Nothing went right. The director was a one-hit wonder moron. The studio naturally hated the film and tried to salvage it but it was no use. Then Josh Trank went on twitter and infamously claimed that they butchered his original cut even though there never was a director's cut.
miles teller has gotta be one of the ugliest leading actors in anything
I wanted to have sex with him in Whiplash
You gay, homie'.
What if I told you that women around the world are thirsting after him a lot
I think the director was a mentally unstable addict and the studio hated the movie and re-cut it into a piece of shit
What? I thought it was fantastic.
Carlos
FANT4STIC
It’s clever the 4
Ha
Haaaa
The Thing doesn't have a penis? That sucks.
He does its just like a dog's hidden in a compartment
it was the biggest capeshit flop I can remember
Kate Mara's wig was so bad and made reshoots so obvious lol. Atleast she fell in love with Jamie Bell on set.
The manlet gets the woman and all is well
Jamie is a lucky muthafricka
Meh.
Josh Trank losing his goddamn mind.
Black person human torch
>based Fan5stick
>Director basically says that the movie is shit on twitter before the release date
fricking lmao
then he goes on to make capone which was just as big of a piece of shit.
I have seborrheic dermatitis and my scalp is like the thing. I feel so embarrassed by it but there's nothing to be done, even multiple showers a day and I'll excrete these oils immediately afterwards and scab over. I fricking hate my life
It's no reason to be a homosexual frogposter.

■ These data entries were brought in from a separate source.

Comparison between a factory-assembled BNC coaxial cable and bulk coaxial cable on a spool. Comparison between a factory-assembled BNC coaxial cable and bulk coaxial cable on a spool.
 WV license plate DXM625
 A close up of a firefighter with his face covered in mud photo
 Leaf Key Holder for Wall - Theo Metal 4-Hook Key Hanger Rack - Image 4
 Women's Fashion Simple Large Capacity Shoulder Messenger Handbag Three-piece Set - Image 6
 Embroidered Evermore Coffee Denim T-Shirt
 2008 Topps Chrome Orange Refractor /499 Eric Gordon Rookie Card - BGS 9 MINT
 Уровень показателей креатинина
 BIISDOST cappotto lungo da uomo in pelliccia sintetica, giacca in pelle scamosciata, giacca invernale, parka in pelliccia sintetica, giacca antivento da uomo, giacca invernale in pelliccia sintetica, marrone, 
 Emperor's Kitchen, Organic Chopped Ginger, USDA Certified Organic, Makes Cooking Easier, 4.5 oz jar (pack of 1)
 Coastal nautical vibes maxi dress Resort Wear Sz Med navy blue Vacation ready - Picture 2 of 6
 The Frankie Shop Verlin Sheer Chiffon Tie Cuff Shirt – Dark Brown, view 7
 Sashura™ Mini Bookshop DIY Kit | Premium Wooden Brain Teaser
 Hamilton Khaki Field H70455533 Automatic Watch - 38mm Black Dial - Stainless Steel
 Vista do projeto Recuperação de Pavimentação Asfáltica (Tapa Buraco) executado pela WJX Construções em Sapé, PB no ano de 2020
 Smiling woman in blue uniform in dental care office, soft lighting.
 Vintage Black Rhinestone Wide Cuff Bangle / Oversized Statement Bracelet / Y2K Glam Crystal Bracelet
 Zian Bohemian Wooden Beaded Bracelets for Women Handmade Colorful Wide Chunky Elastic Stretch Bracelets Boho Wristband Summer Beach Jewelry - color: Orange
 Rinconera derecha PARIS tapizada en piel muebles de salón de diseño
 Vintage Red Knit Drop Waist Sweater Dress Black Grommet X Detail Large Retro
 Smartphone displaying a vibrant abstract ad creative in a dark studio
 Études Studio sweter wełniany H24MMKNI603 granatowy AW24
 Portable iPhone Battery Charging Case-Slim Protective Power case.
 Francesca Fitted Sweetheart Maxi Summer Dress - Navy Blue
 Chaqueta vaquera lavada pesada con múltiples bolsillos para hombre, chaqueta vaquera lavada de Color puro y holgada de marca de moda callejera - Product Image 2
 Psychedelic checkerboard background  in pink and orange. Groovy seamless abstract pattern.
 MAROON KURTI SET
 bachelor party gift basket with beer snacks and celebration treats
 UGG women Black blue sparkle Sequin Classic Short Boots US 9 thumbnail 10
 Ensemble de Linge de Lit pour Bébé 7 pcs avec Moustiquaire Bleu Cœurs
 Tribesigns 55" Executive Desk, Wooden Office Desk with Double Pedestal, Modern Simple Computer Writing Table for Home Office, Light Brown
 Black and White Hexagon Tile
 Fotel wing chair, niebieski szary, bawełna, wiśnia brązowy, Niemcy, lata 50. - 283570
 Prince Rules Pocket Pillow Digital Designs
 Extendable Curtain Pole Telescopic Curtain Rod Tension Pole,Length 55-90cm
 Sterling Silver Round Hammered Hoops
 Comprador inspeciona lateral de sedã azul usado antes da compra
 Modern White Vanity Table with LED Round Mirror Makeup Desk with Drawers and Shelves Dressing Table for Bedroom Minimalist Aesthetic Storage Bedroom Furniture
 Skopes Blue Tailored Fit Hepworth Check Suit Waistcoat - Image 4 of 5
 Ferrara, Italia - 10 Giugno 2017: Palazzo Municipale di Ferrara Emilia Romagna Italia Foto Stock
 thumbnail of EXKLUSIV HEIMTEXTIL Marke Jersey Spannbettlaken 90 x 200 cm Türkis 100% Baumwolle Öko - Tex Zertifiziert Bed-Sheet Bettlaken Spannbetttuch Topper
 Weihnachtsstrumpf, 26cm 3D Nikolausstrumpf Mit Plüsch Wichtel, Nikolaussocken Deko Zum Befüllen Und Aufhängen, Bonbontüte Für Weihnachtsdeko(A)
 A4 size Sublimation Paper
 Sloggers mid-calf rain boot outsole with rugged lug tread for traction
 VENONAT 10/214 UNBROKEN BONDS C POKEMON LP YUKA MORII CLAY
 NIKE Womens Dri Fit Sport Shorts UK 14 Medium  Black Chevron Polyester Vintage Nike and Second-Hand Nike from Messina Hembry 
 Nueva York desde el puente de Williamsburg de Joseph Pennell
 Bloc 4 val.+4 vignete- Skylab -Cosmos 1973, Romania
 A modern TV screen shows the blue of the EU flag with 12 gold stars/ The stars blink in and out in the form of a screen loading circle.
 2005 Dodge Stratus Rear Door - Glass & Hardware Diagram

the multiple showers are literally the reason you get excess oils idiot, use coal tar shampoo only once a day at max (i shower one day then one not, then shower etc) hope it helps! It saved my life
I was doing a shower every day or every other day before I got the dermatitis and then tried multiple after nothing else would work
at first I thought I had some sort of dead skin cell build up on my scalp and was astounded at how despite cleaning and scrubbing it so much over multiple days it seemed to just keep happening, even got a fricking buzz cut which did nothing but make it more noticeable
Black human torch and Thing with no underwear
isnt Torch supposed to be the chick's little brother?
what the frick
It was a mishmash of three different movies. It started out with SCIENCE!, turned into body horror for a bit, followed by BLUE SKY BEAM happy ending stuff. None of it meshed together well.
It had literally nothing to do with the Fantastic 4.
Same reason every movie fails.
Black person
>weird looking israelite
>Black
>unattractive yt wymon
>tired origin story
the film felt like it would never end. didn't understand the need to make it an origin story. the lead looks way too young and it was dull as dog shit. capeshit needs action, a reason for the action and attractive people in tight fitting costumes. That's it. Doesn't need to blow your mind or have deep themes and emotional moments littered about the runtime. The villain should be interesting and compelling and strong. maybe even more than the main characters.
Agreed film was 1/5, a total boring shitfest, no good actors, awful story, charcoal planet bullshit, zero action, way too young and no one was close to believable as a scientist.
Charcoal planet that's a good description for it. Why do all these movies have completely unimaginative stuff like that? Its just like oh heres another dimension/planet! But its like the most boring location you could ever come up with.
Terrible cast for everyone especially doom and mr fantastic. Changed fire dude black for no reason. It was just fricking gay it felt like it was done on a stage with cgi only and the other planet thing he discovered meant nothing.
Nothing went right. The director was a one-hit wonder moron. The studio naturally hated the film and tried to salvage it but it was no use. Then Josh Trank went on twitter and infamously claimed that they butchered his original cut even though there never was a director's cut.
>Here's your Fantastic Four bro
Josh Trank was apparently a mentally unstable psycho and the studio interfered from the start.